-- DATA RECORDS follows --

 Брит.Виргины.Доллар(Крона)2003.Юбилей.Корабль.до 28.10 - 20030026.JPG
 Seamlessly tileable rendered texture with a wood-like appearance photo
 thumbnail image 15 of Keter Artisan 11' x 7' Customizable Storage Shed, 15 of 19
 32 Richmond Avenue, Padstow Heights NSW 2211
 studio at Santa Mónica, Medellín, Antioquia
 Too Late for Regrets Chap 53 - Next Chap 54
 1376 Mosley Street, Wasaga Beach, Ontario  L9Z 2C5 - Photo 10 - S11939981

-- DATA RECORDS concluded --
-- DATA RECORDS follows --

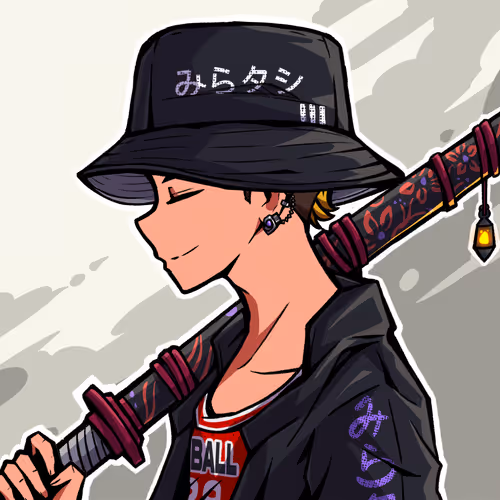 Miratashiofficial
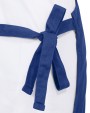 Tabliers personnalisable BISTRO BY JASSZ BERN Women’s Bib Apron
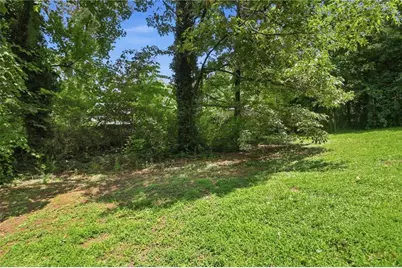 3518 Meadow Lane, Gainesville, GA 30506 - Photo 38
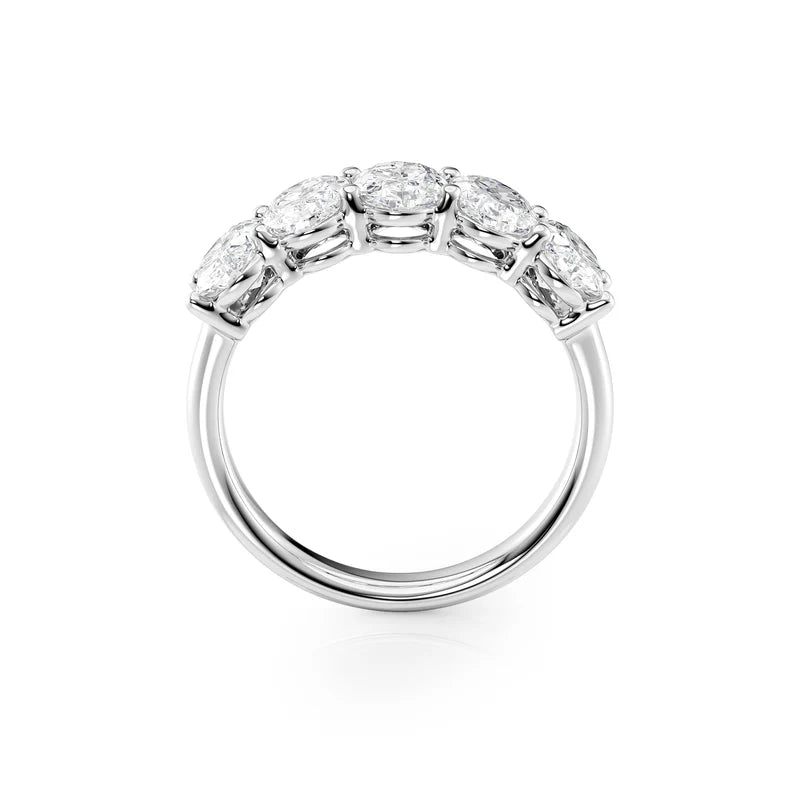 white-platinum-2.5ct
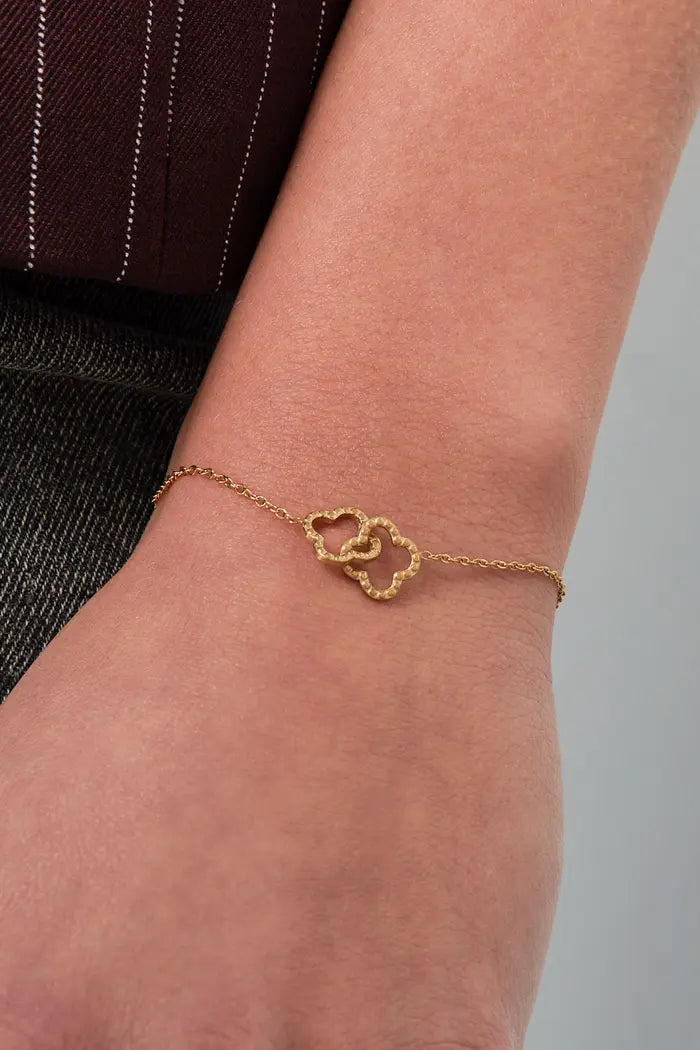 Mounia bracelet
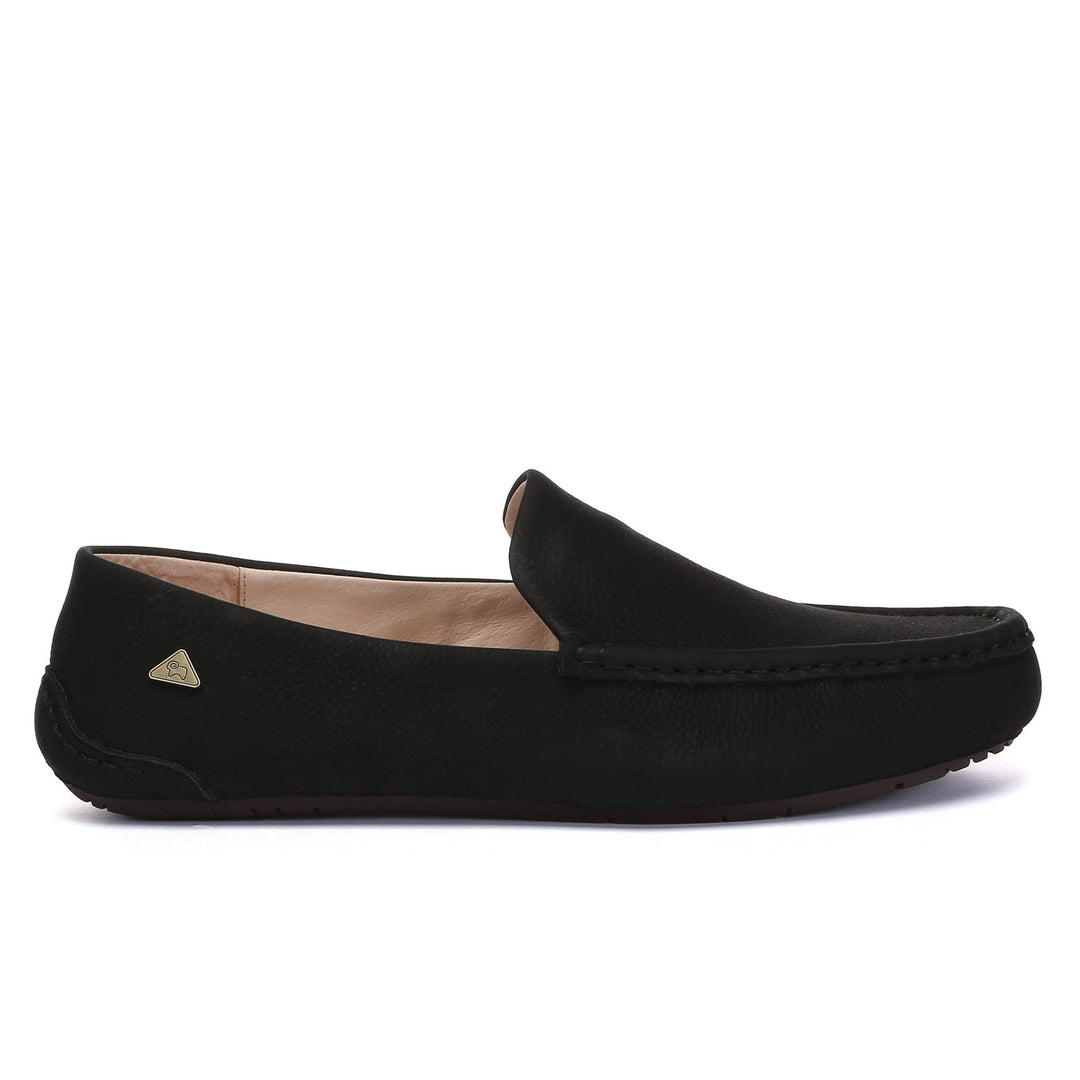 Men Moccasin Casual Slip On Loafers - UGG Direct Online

-- DATA RECORDS concluded --
-- DATA RECORDS follows --

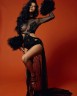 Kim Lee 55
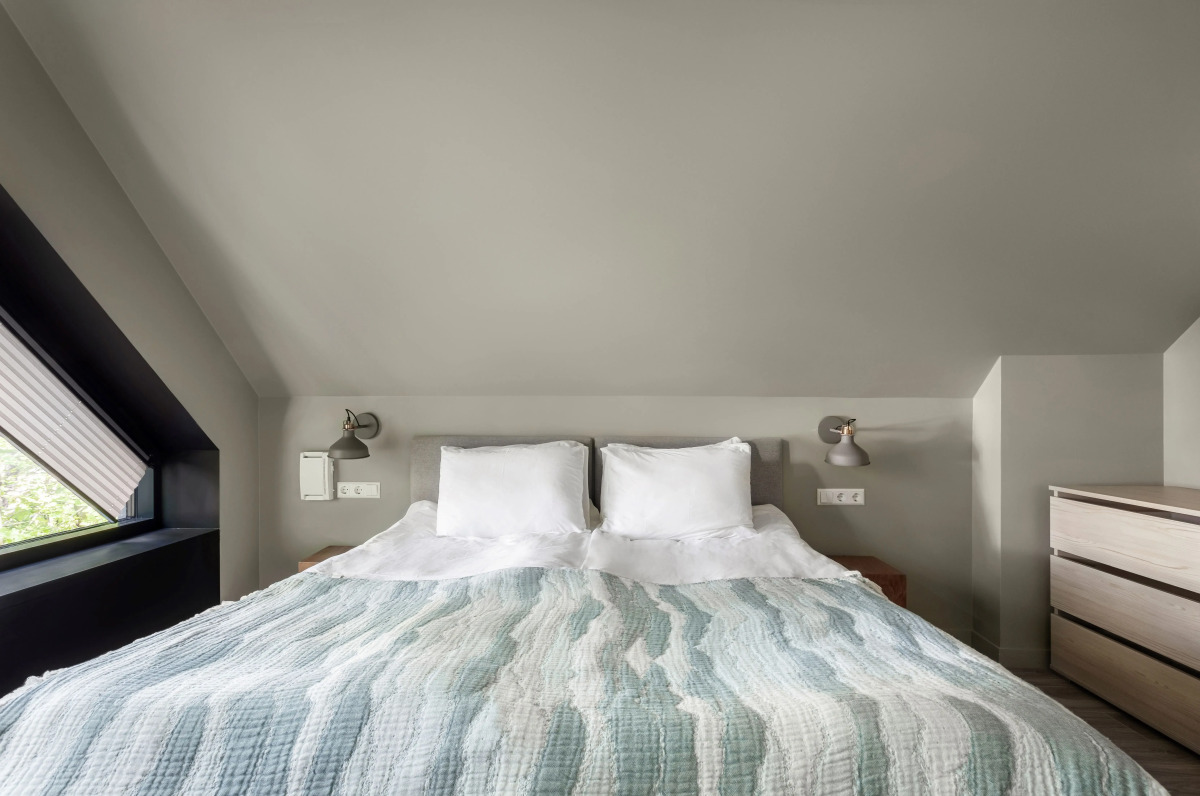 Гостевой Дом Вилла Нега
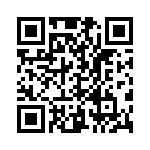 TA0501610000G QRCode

-- DATA RECORDS concluded --

_WORK INSTRUCTION_. Please return only the lines above, starting at the line that has "28.10 - 20030026.JPG" and ending at the line that has "1376 Mosley Street, Wasaga", keeping both and leaving each one unchanged.

_RESULT OF THE EXERCISE_.
 Брит.Виргины.Доллар(Крона)2003.Юбилей.Корабль.до 28.10 - 20030026.JPG
 Seamlessly tileable rendered texture with a wood-like appearance photo
 thumbnail image 15 of Keter Artisan 11' x 7' Customizable Storage Shed, 15 of 19
 32 Richmond Avenue, Padstow Heights NSW 2211
 studio at Santa Mónica, Medellín, Antioquia
 Too Late for Regrets Chap 53 - Next Chap 54
 1376 Mosley Street, Wasaga Beach, Ontario  L9Z 2C5 - Photo 10 - S11939981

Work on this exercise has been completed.